UK politicians have said that Google, Twitter, and Facebook should pay the Metropolitan Police to find extremist content on their sites, because they’re not doing a good enough job by themselves.
MPs investigating the tech giants described them as “a disgrace” because they don’t delete illegal material quickly enough.
The MPs are part of the Home Affairs Committee, which released a report today about hate speech online and its impact on the real world.
In the report, they used examples like MPs receiving antisemitic abuse online, Facebook hosting sexualised images of children, and YouTube hosting terrorist recruitment and neo-Nazi videos.
Social media companies, they said, should help fund the Metropolitan Police’s online counter-terrorism unit to find extremist content online on their behalf. That unit is currently funded by UK taxpayers, and flags hateful content to Facebook, Twitter, and Google.
This is what the MPs proposed in their report:
“Football teams are obliged to pay for policing in their stadiums and immediate surrounding areas on match days.
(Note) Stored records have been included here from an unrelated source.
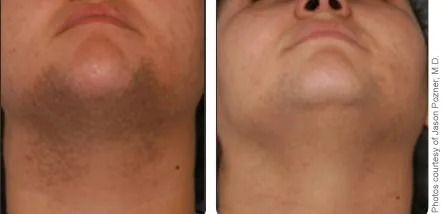 Before and after chin treatment comparison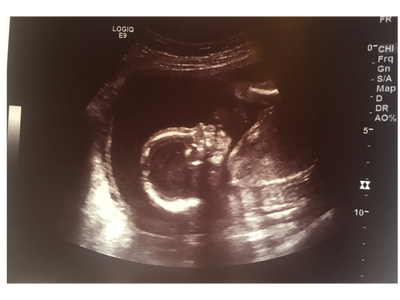 ultrasound image of baby profile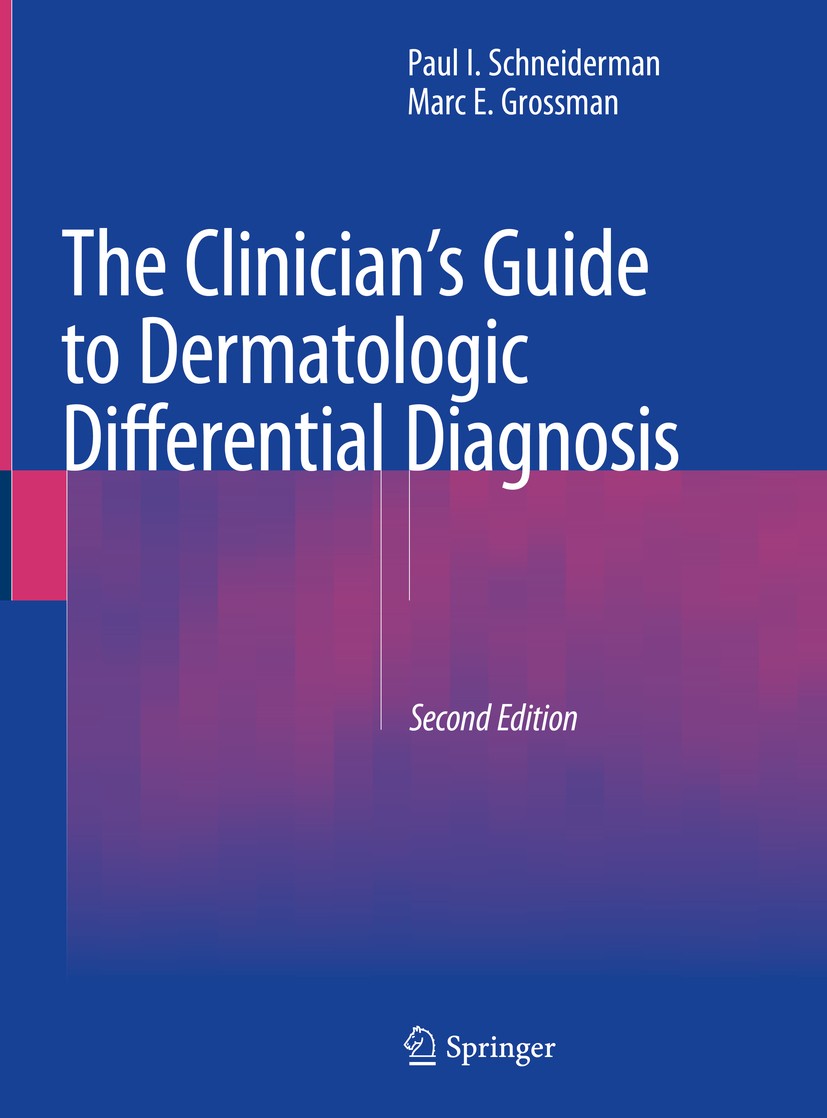 Titlebook: The Clinician‘s Guide to Dermatologic Differential Diagnosis; Paul I. Schneiderman,Marc E. Grossman Book 2022Latest edition Springer Natur Titlebook: The Clinician‘s Guide to Dermatologic Differential Diagnosis; Paul I. Schneiderman,Marc E. Grossman Book 2022Latest edition Springer Natur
Government should now consult on adopting similar principles online— for example, requiring social media companies to contribute to the Metropolitan Police’s CTIRU [counter-terrorism internet referral unit] for the costs of enforcement activities which should rightfully be carried out by the companies themselves.”
The MPs also proposed “meaningful fines” if the tech giants didn’t take down illegal content in a short time, and quarterly reports which showed how much hate speech they had removed from their platforms.
Committee chair Yvette Cooper added:
“The biggest and richest social media companies are shamefully far from taking sufficient action to tackle illegal and dangerous content, to implement proper community standards or to keep their users safe. Given their immense size, resources and global reach, it is completely irresponsible of them to fail to abide by the law, and to keep their users and others safe.”
At the moment, it doesn’t look like the government will change the law to force tech giants to take hate speech more seriously. According to the report, MPs have pressured the trio to do more in a series of meetings. Last month, the three firms promised to develop new tools to identify terrorist propaganda online after meeting with home secretary Amber Rudd.